- Exercise instructions: For this exercise, copy exactly only the lines from the one containing "楽友らんちう会　第一回研究会　第一位　伊藤征夫" to the final line of the material below, without the pictures.

--- Data to process Enclosed Below ---

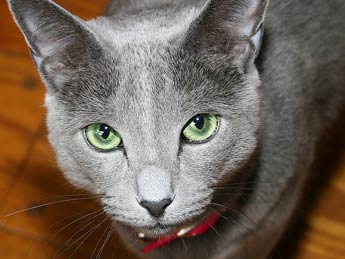 � ���������� � �����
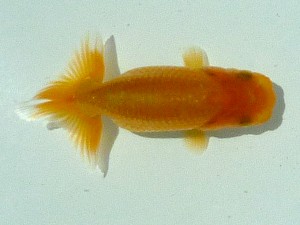 楽友らんちう会　第一回研究会　第一位　伊藤征夫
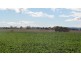 . Whitemore Road, Whitemore TAS 7303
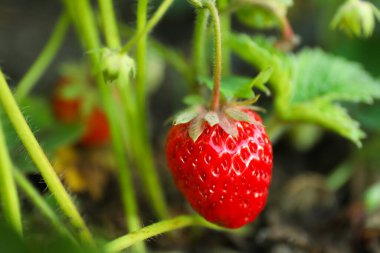 Olgunlaşan böğürtlen tarlasında yetişen çilek bitkisi, yakın plan
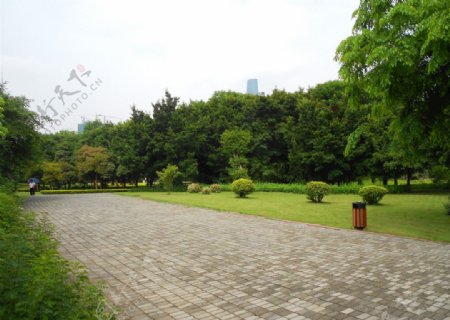公园绿化设计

--- End of Enclosed Data to process ---

- Response box:
 楽友らんちう会　第一回研究会　第一位　伊藤征夫
 . Whitemore Road, Whitemore TAS 7303
 Olgunlaşan böğürtlen tarlasında yetişen çilek bitkisi, yakın plan
公园绿化设计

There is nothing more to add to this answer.